> _Stored data_
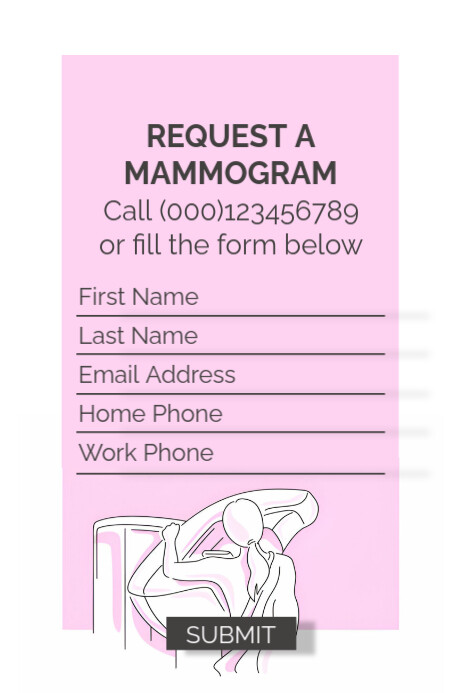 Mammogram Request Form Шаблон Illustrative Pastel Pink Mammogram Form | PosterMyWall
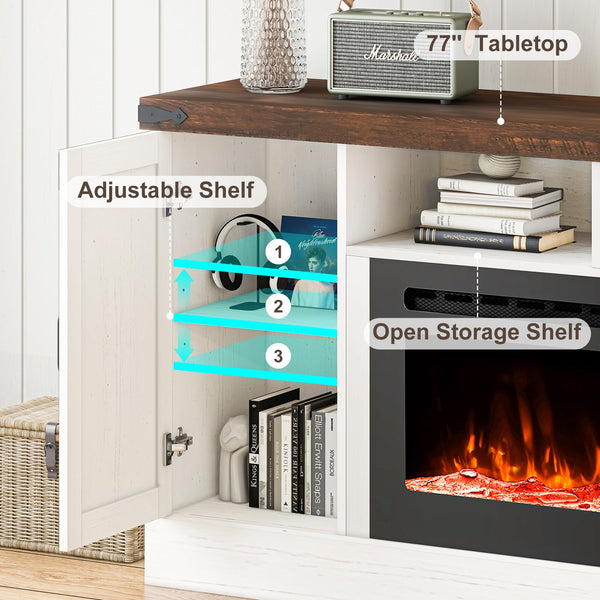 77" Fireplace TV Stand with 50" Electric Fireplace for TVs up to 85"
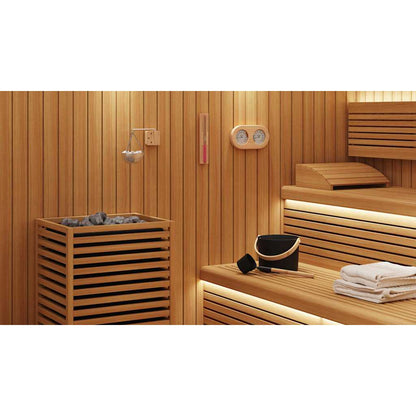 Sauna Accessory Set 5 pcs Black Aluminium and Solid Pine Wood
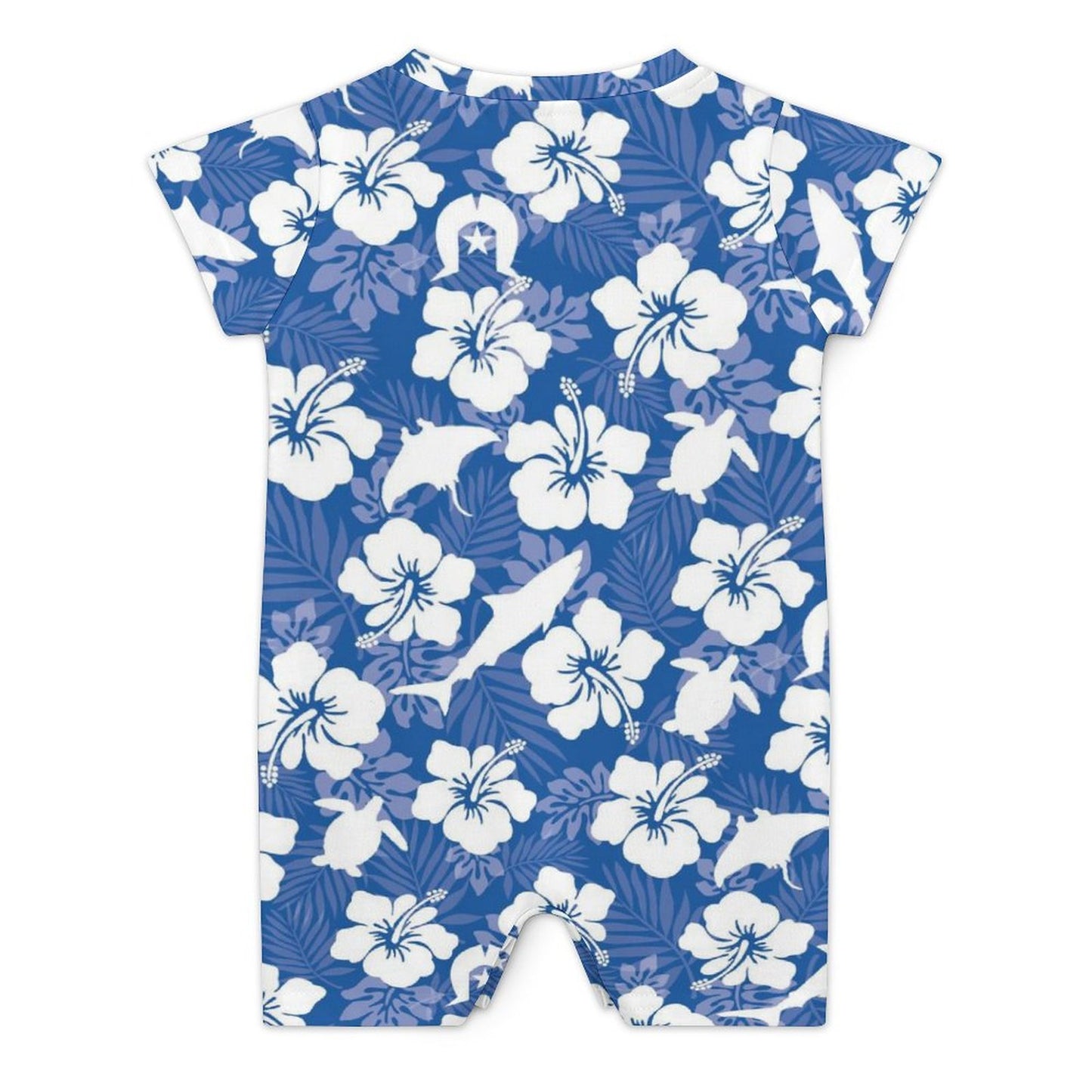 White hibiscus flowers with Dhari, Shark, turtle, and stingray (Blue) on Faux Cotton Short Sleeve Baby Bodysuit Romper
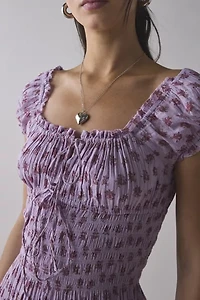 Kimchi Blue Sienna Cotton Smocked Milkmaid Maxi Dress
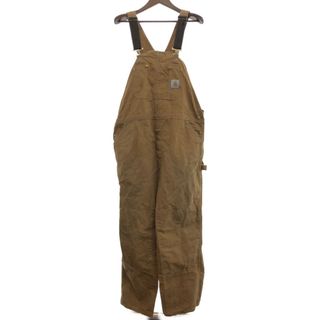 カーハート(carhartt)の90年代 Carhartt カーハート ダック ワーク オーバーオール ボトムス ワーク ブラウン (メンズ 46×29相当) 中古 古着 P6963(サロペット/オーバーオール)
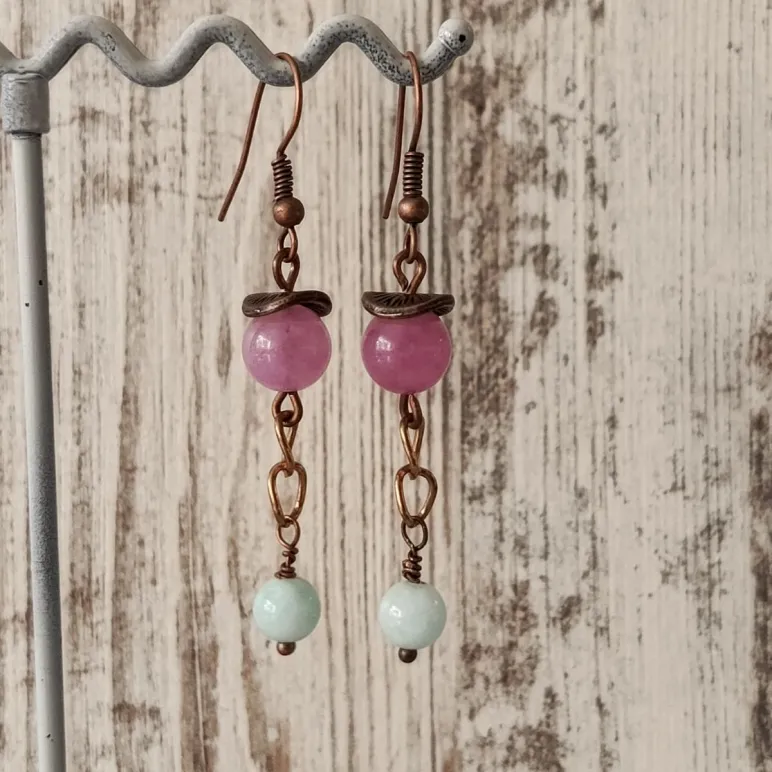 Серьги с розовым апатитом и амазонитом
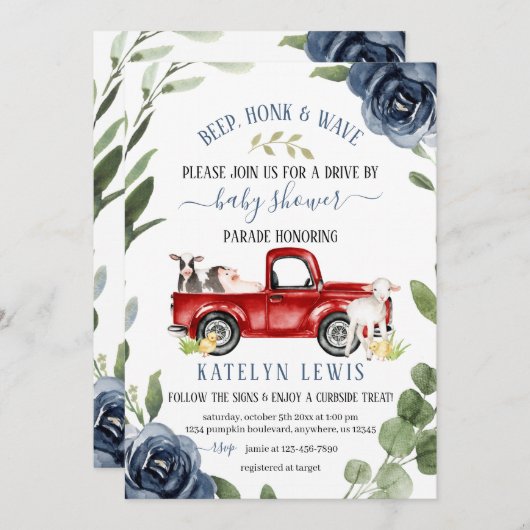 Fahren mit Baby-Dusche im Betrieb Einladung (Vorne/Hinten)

> _Activity_
Only the lines from the one with "カーハート(carhartt)の90年代 Carhartt カーハート" through the final line of the entries above should be transcribed, exactly and without pictures.

> _Answer box_
 カーハート(carhartt)の90年代 Carhartt カーハート ダック ワーク オーバーオール ボトムス ワーク ブラウン (メンズ 46×29相当) 中古 古着 P6963(サロペット/オーバーオール)
 Серьги с розовым апатитом и амазонитом
 Fahren mit Baby-Dusche im Betrieb Einladung (Vorne/Hinten)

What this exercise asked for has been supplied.